Whooping cough outbreaks reported
Walworth County officials have confirmed 54 cases of whooping cough, or pertussis, and Dane County has reported close to 200 cases since March, said Pat Grove, Walworth County health officer.
Cases in Walworth County declined in April, but they appear to be ramping up again, Grove said.
Rock County officials have confirmed seven cases, including five in the last 1 1/2 weeks, said Janet Zoellner, Rock County public health nursing director.
"That will probably increase," Zoellner said.
The spike in cases confirmed in surrounding counties means it's likely to get worse in Rock County.
Statewide, almost 1,900 cases have been reported, compared to 158 a year ago.
People might think they are immune to whooping cough because they have been vaccinated, but that protection could waver with time, health officials said.
Many of the new cases are caused when adults pass the infection to children.

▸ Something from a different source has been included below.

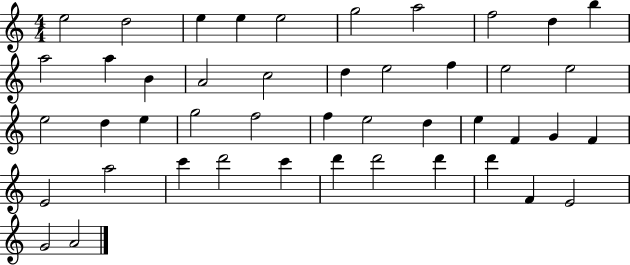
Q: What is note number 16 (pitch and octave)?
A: D5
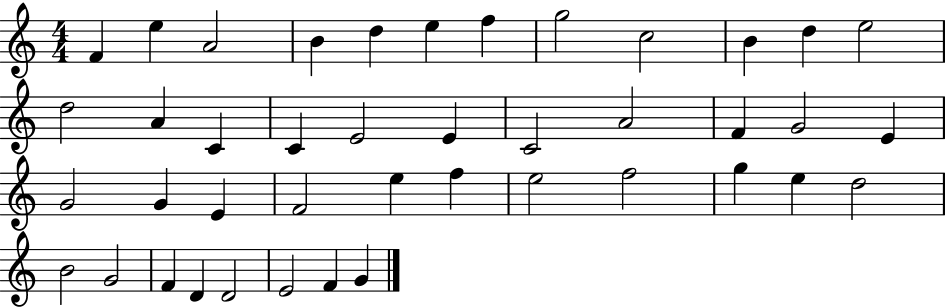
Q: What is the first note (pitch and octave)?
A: F4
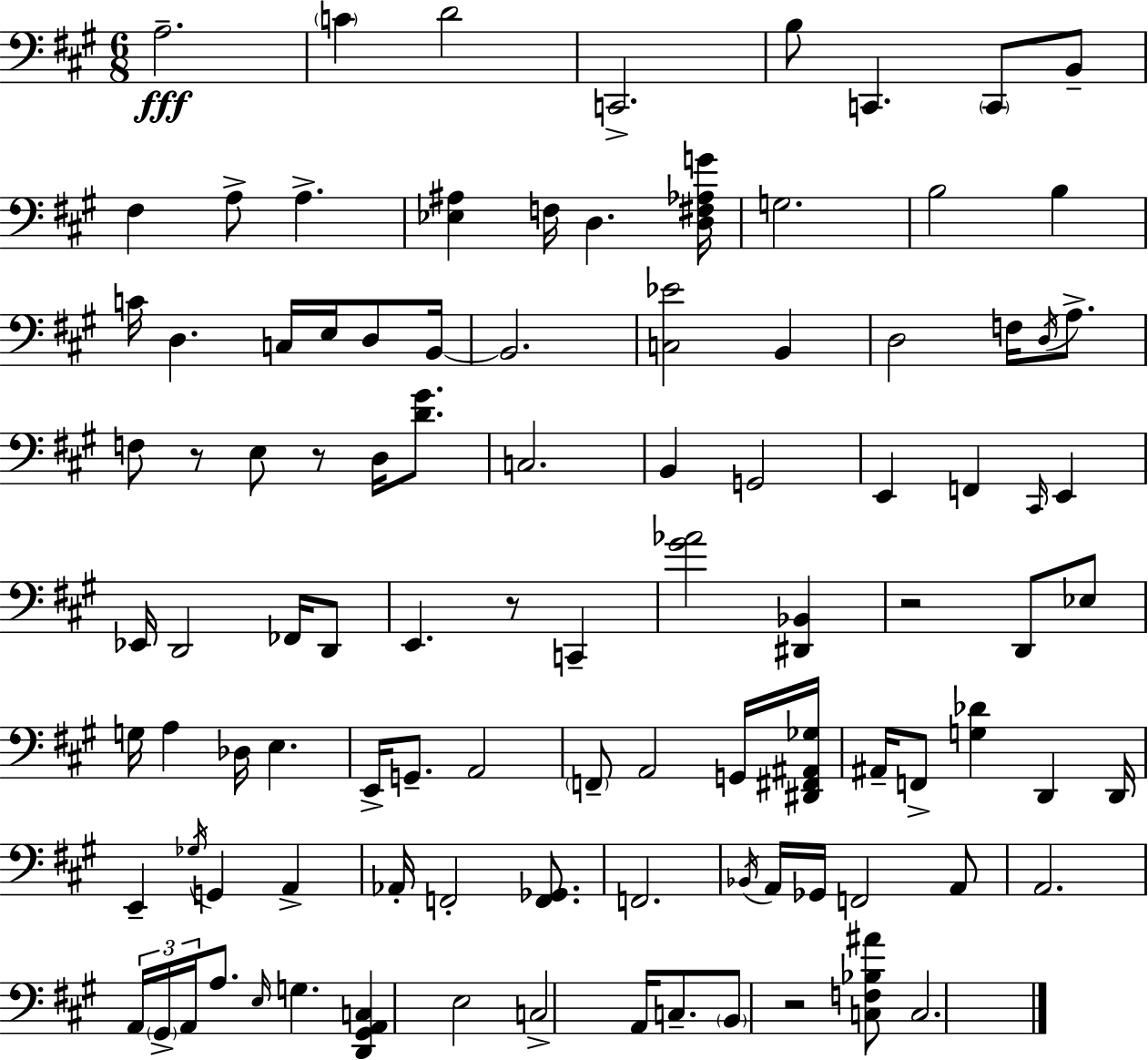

Youth, especially infants, are most vulnerable. Children ages 5 through 14 made up more than 62 percent of the investigations in Walworth County, and the median age of those infected is 12, Grove said.
If pertussis is confirmed, all people in contact with the infected person typically are given antibiotics.
Zoellner remembered a Rock County case that started with parents who did not vaccinate their children out of personal convictions. When one child developed whooping cough, 50 others had to be given antibiotics.
Antibiotics are not without their side effects. Overdoing them can cause loss of effectiveness, Zoellner said.
"It concerns me that in Dane, Walworth and Rock counties we have hundreds of people taking antibiotics to ward off pertussis when they could have prevented that by a vaccination," Zoellner said.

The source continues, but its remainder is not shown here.